Note: If you need high performance SSL over TCP/IP then this is available as an optional part of The Server Framework; see here for details.

Originally published in Windows Developer Magazine, Copyright 2002.

The Secure Sockets Layer (SSL) is used by every commercial web browser and server to secure web traffic. Every time you use a URL that starts https://, you're using SSL. Microsoft provides an implementation of SSL via the SChannel API, but it is a low-level API that is quite complex to use. OpenSSL is a higher level, open-source alternative that allows you to easily add the security of an SSL connection to TCP/IP clients and servers. However, since the OpenSSL code has a UNIX heritage, most of the examples available assume a UNIX-style sockets architecture. The preferred Windows architecture of asynchronous sockets doesn't fit well with this, and this article presents an "asynchronous connector" for OpenSSL that allows you to use OpenSSL in a way that is more appropriate on the Windows platform. The resulting connector can be used with MFC's CAsyncSocket for client-side use and integrates well with server code that uses IO Completion Ports. Due to the original design of the OpenSSL toolkit, the connector can be built without having to change any of the OpenSSL code and so is standalone and easy to maintain.

OpenSSL

The OpenSSL Project is a collaborative effort to develop a robust, commercial-grade, full-featured, cross-platform, and open-source toolkit implementing the Secure Sockets Layer (SSL v2/v3) and its successor, Transport Layer Security (TLS v1). OpenSSL is based on the SSLeay library developed by Eric A. Young and Tim J. Hudson. The OpenSSL toolkit is licensed under an Apache-style license, which basically means that you are free to get and use it for commercial and noncommercial purposes, subject to some simple license conditions. However, one thing you should be aware of is that OpenSSL uses strong cryptography, and this falls under certain export/import restrictions in some parts of the world. You are strongly advised to pay close attention to any import/export laws or restrictions that apply to you.

The source-code distribution of OpenSSL provides many example programs that show you how to use it. There are some useful tutorials on the Web and books available on the subject (see References). The problem is that although the OpenSSL toolkit source code is cross platform, the example code tends to be written in a UNIX style, using blocking sockets and multiple threads or processes. When developing with sockets on the Win32 platform, it's common to want to use nonblocking, asynchronous sockets: The most scalable method of developing TCP server applications with Win32 is to use IO Completion Ports, which forces you to deal exclusively with asynchronous sockets; and using blocking sockets in a thread that serves a user interface is a recipe for disaster.

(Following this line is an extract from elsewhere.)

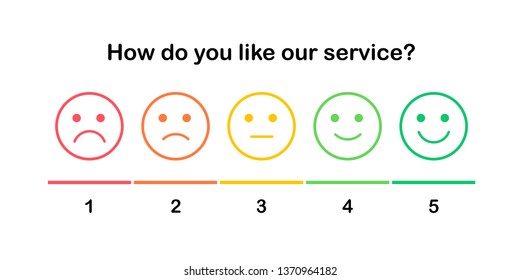 Element of UI design for client service rating. Set of the outline smiles with different emotions from sad to happy. Emoticons with five moods: disgruntled, angry, calm, excited, satisfied.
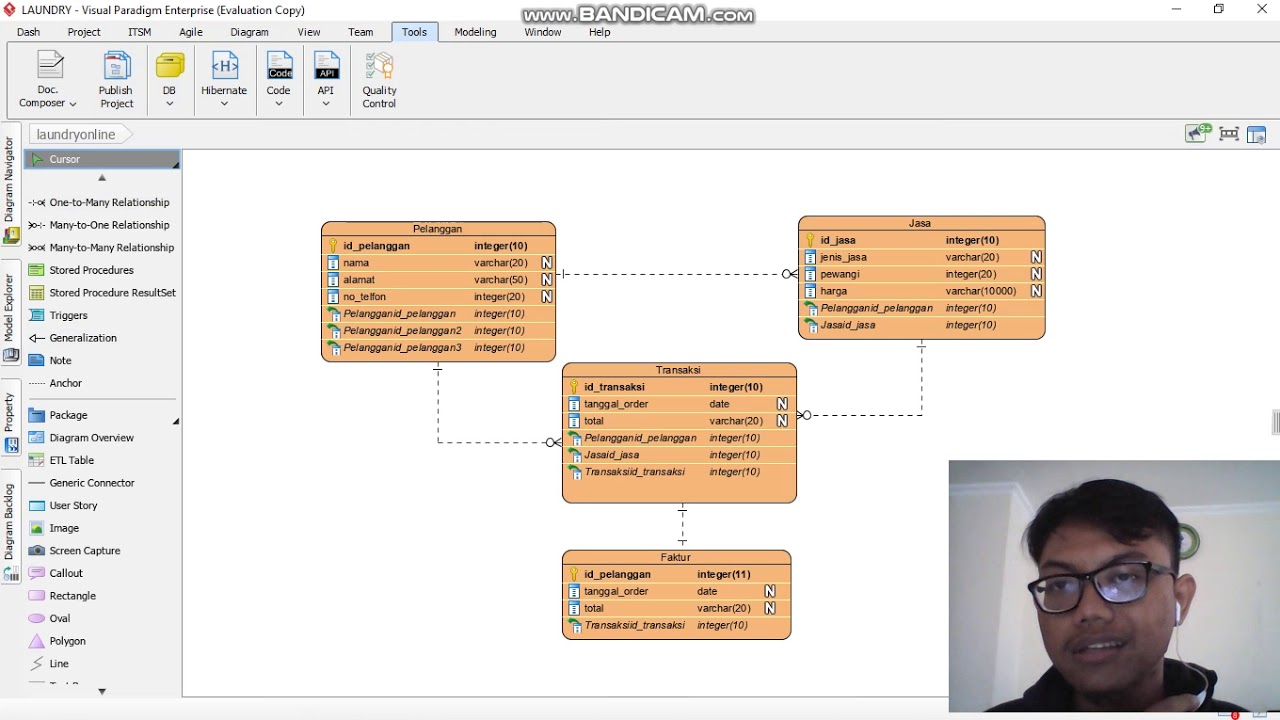 Generate Code Menggunakan Visual Paradigm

Although developed in C, the OpenSSL toolkit has an object-based design, with various components accessed by passing an object handle as the first parameter to the C API calls. The main object that we're interested in is the SSL object. This is where the actual SSL protocol is implemented. The developers of the OpenSSL toolkit designed the SSL object to use an abstract IO mechanism, the BIO, rather than hard coding it to use sockets. The BIO abstraction allows you to develop a BIO that suits your own needs and simply plug it in to the SSL object to run the protocol over whatever data stream you like. The toolkit comes with a BIO that works with a memory buffer, and one of the sample programs uses these memory BIOs to test the toolkit by running the protocol over memory buffers in a single process that is acting as both client and server side of the protocol. We can use this memory buffer BIO to provide an interface to the SSL object that's usable with asynchronous sockets.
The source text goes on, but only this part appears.